Task prompt. Please restate word for word, and with nothing added, the lines that run from the one holding "本体 室外機　R22XRXS ホワイト" to the end of the entries below.

Source material.
━━━
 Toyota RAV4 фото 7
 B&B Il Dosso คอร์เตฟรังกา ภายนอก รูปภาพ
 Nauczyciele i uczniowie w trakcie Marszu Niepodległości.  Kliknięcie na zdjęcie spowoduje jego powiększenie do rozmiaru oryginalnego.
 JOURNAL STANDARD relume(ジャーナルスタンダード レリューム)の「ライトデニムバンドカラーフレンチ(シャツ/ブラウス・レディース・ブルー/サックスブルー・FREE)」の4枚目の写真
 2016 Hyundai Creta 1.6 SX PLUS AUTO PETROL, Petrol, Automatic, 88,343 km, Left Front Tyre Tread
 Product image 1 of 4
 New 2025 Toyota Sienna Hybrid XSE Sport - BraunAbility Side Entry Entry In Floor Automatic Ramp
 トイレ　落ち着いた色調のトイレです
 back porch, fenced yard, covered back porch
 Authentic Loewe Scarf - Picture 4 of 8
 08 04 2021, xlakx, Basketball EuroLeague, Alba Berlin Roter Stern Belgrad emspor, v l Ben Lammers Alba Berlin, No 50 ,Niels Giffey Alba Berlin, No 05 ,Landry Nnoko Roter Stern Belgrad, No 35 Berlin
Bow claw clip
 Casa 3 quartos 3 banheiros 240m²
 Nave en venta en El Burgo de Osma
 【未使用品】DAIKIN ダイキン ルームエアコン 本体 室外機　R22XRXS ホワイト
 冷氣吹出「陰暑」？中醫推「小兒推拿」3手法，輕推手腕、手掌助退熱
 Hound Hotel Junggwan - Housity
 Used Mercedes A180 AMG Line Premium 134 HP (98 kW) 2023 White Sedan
━━━
Response.
 【未使用品】DAIKIN ダイキン ルームエアコン 本体 室外機　R22XRXS ホワイト
 冷氣吹出「陰暑」？中醫推「小兒推拿」3手法，輕推手腕、手掌助退熱
 Hound Hotel Junggwan - Housity
 Used Mercedes A180 AMG Line Premium 134 HP (98 kW) 2023 White Sedan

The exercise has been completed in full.